On 1 Sep 2020, at 17:15, Artom Lifshitz <alifshit@redhat.com> wrote:IIUC one of our (Red Hat's) customer-facing folks brought us a similar
question recently. In their case they wanted to use PCI passthrough to
pass an NVMe disk to an instance. This is technically possible, but
there would be major privacy concerns in a multi-tenant cloud, as Nova
currently has no way of cleaning up a disk after a VM has left it, so
either the guest OS would have to do it itself, or any subsequent VM
using that disk would have access to all of the previous VM's data
(this could be mitigated by full-disk encryption, though). Cleaning up
disks after VM's would probably fall more within Cybor's scope...

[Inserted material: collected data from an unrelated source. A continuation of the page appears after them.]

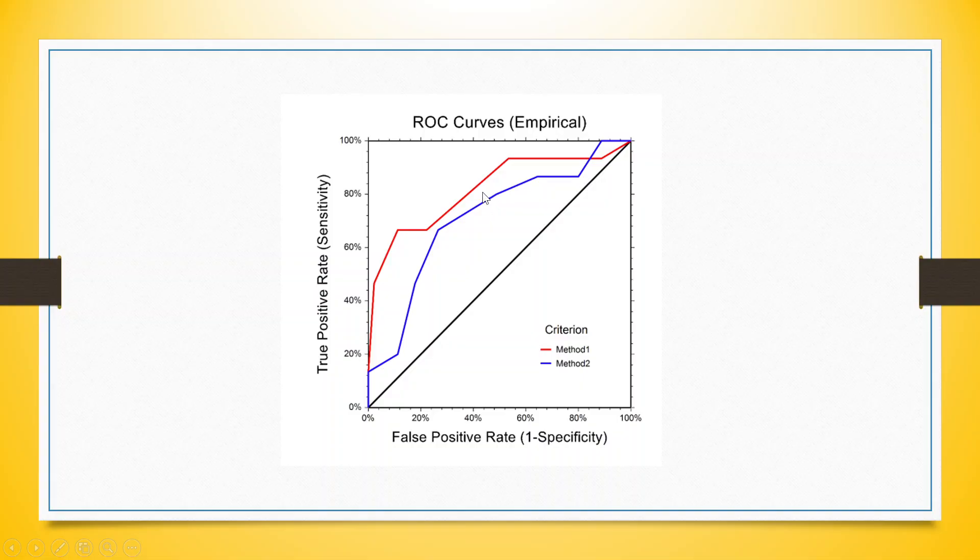We are having two models here, method 1 and method 2. Method 1 is having more area under the curve, which means that its classification accuracy is better in comparison to method 2. Now let's see how we can plot ROC curve in KNIME.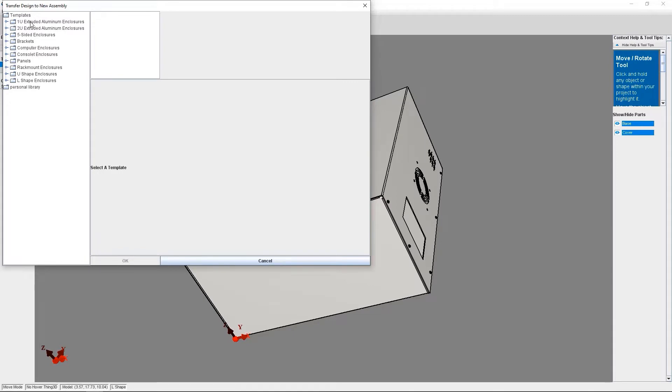Here you'll need to select a new enclosure that you want to transfer your existing enclosure to. In my case, I'm going to pick a U-shape enclosure.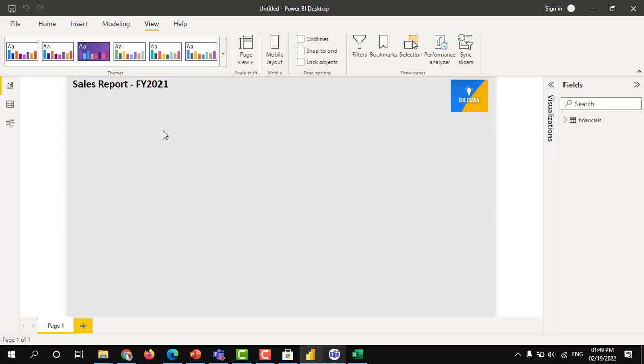For today's demo purpose, I will create one small chart and one slicer. I will rename the page as report.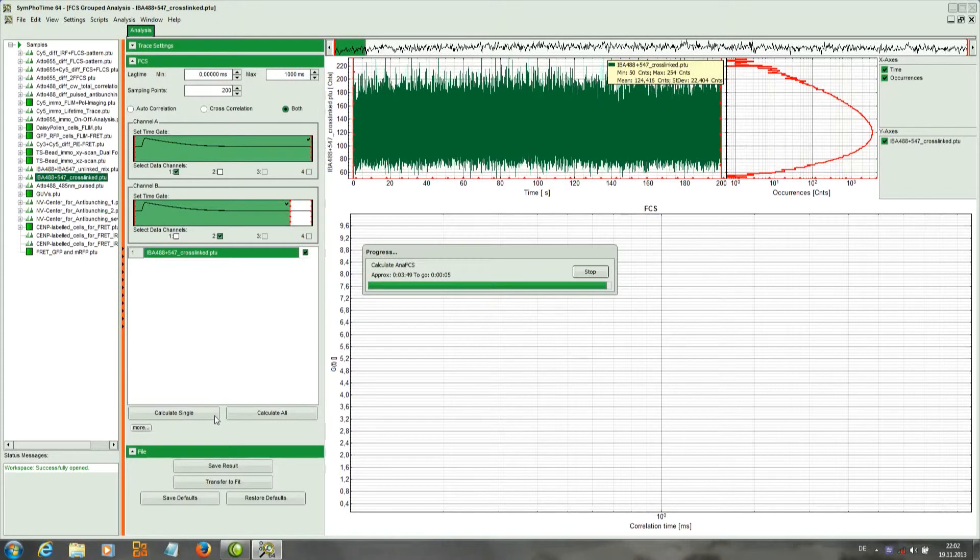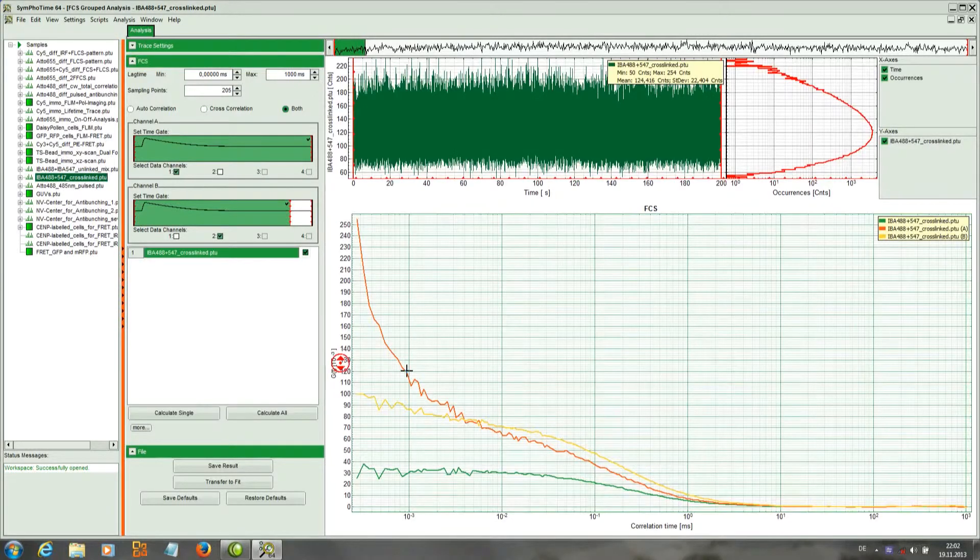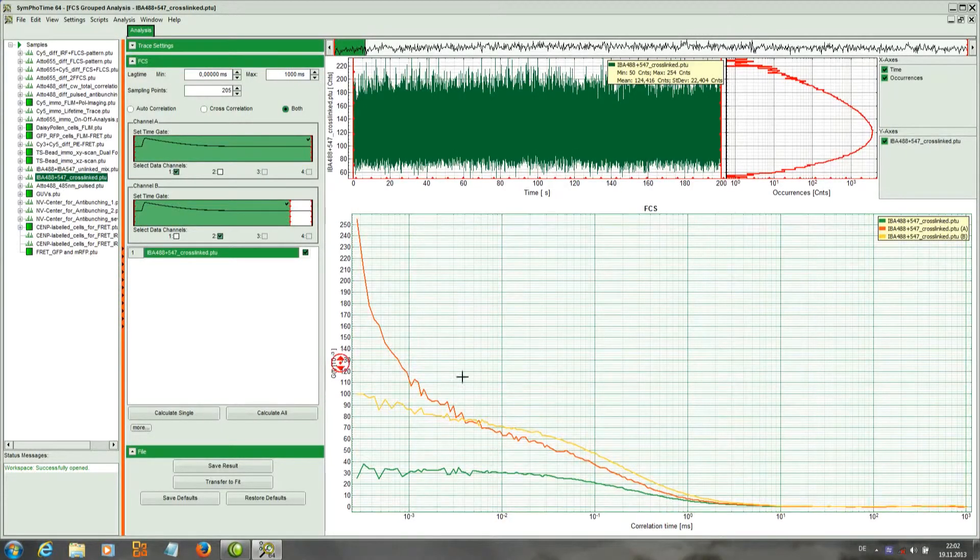Once the calculation has finished, we will see the cross correlations and the autocorrelations appear here.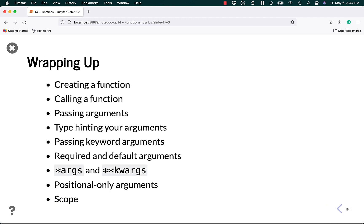Wrapping up — in this tutorial you learned how to create a function, how to call a function, how to pass arguments, and a little bit about type hinting. We covered how to pass keyword arguments and learned about required and default arguments. We also covered star args and star star kwargs for arbitrary numbers of arguments, positional only arguments, and scope. Thank you so much for watching — I really appreciate your time and I hope you join me for my next video.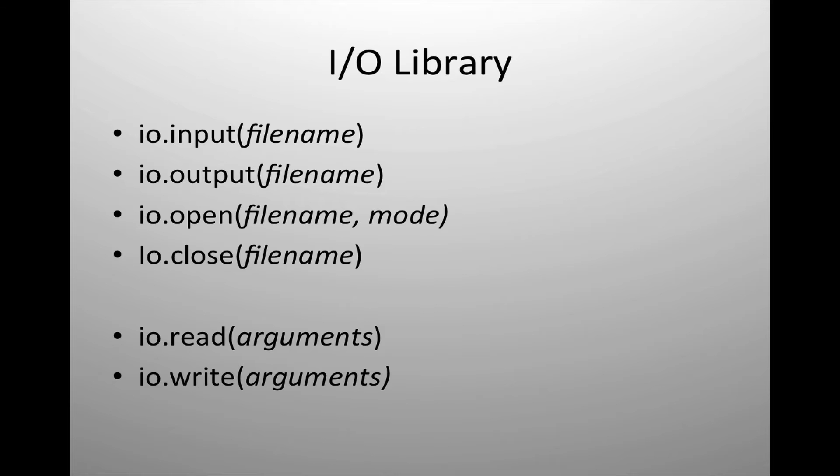which takes us back to where we began. IO input allows us to specify the file that will be read from. IO output allows us to specify the file that we will write to. We can also use IO open in place of input or output to create a file and specify the read or write mode. And then we also have available to us IO close.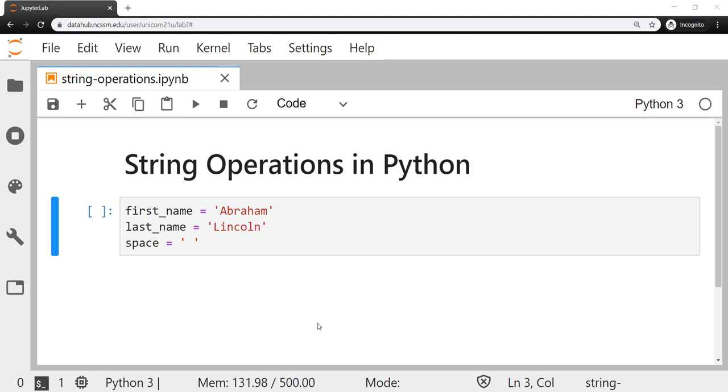Hey y'all, Mr. Gibson here, and today we're going to be looking at how to use string operations in Python. As you can see, I've created a new notebook file here.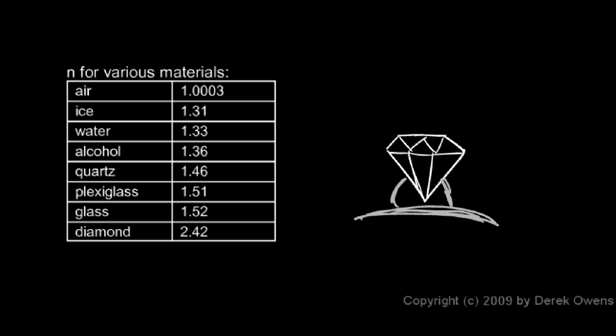Light that comes in the side here might bounce around inside the diamond and re-emerge from the surface. Light coming in from the bottom is also going to end up emerging from the surface. So almost all the light that hits it comes out the top.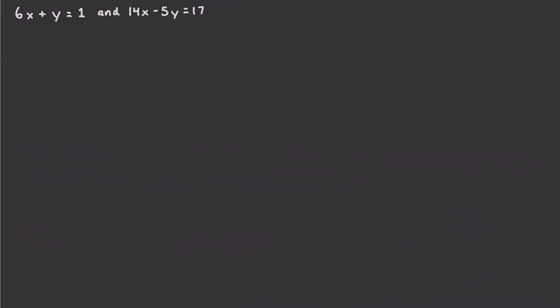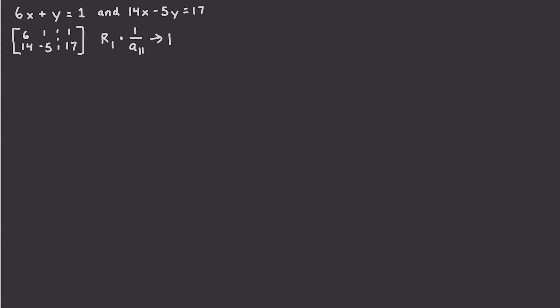Let's start with this one. The very first thing we have to do is create our augmented matrix. So this is going to be 6 and 14, and 1 and negative 5. And then we'll have our dashes, and then this is going to be 1 over 17. So there is our matrix. Now, the very first thing I'm going to want to do is convert the upper left-hand corner, or A11, into 1. We're going to use our formula: row 1 times 1 over the reciprocal of A11, and put that result into row 1.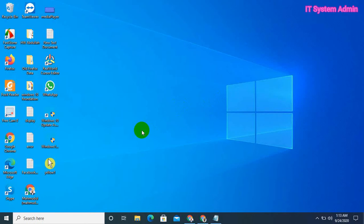Hello viewers, this is IT System Admin, a complete troubleshooting solution for you. Today in this tutorial, I'm going to show you how to force a Windows 10 computer to synchronize time in the command line and also in Windows settings. It's a very easy technique, so don't forget to watch the full video.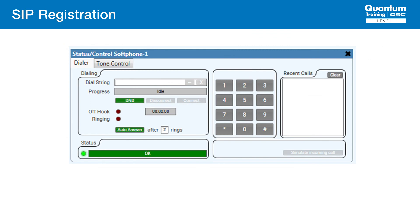At this point, you should be able to open each soft phone and see the same OK status as before when we only had one. You also can try to place a test call from each soft phone. You can even call one soft phone from the other. At this point, you should have multiple soft phones registered to your CUCM. Stay tuned for our final workshop where we will discuss SIP trunking.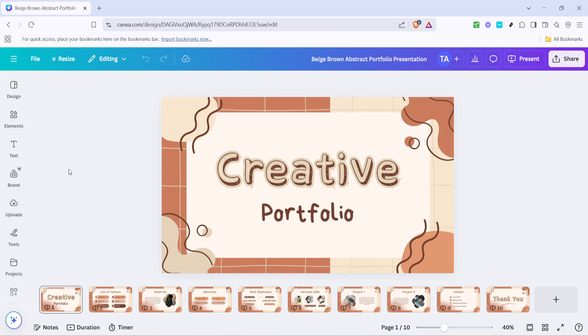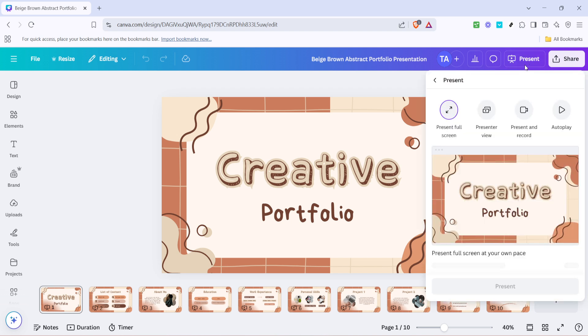The first thing you need to do is click on present. This feature is typically located at the top right corner of your screen. This action will open up a series of options related to how you can present your slides, ranging from standard play through to autoplay and more.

There's also the question of instance move operations like live and
cold migrations - what happens to the passed-through disk in those
cases? Does Nova have to copy it to the destination? I think those
would be fairly easily addressable though (there are no major
technical or political challenges, it's just a matter of someone
writing the code and reviewing).
The disk cleanup thing is going to be harder, I suspect - more
politically than technically. It's a bit of a chicken and egg problem
with Nova and Cyborg, at the moment. Nova can refuse features as being
out of scope and punt them to Cyborg, but I'm not sure how
production-ready Cyborg is...
On Tue, Sep 1, 2020 at 10:41 AM Thomas Goirand <zigo@debian.org> wrote:
Hi Nova team!
tl;dr: we would like to contribute giving instances access to physical
block devices directly on the compute hosts. Would this be accepted?
Longer version:
About 3 or 4 years ago, someone wrote a spec, so we'd be able to provide
a local disk of a compute, directly to a VM to use. This was then
rejected, because at the time, Cinder had the blockdevice drive, which
was more or less achieving the same thing. Unfortunately, because nobody
was maintaining the blockdevice driver in Cinder, and because there was
no CI that could test it, the driver got removed.
We've investigated how we could otherwise implement it, and one solution
would be to use Cinder, but then we'd be going through an iSCSI export,
which would drastically reduce performances.
Another solution would be to manage KVM instances by hand, not touching
anything to libvirt and/or OpenVSwitch, but then we would loose the ease
of using the Nova API, so we would prefer to avoid this direction.
So we (ie: employees in my company) need to ask the Nova team: would you
consider a spec to do what was rejected before, since there's now no
other good enough alternative?
Our current goal is to be able to provide a disk directly to a VM, so
that we could build Ceph clusters with an hyper-converged model (ie:
storage hosted on the compute nodes). In this model, we wouldn't need
live-migration of a VM with an attached physical block device (though
the feature could be added on a later stage).
Before we start investigating how this can be done, I need to know if
this has at least some chances to be accepted or not. If there is, then
we'll probably start an experimental patch locally, then write a spec to
properly start this project. So please let us know.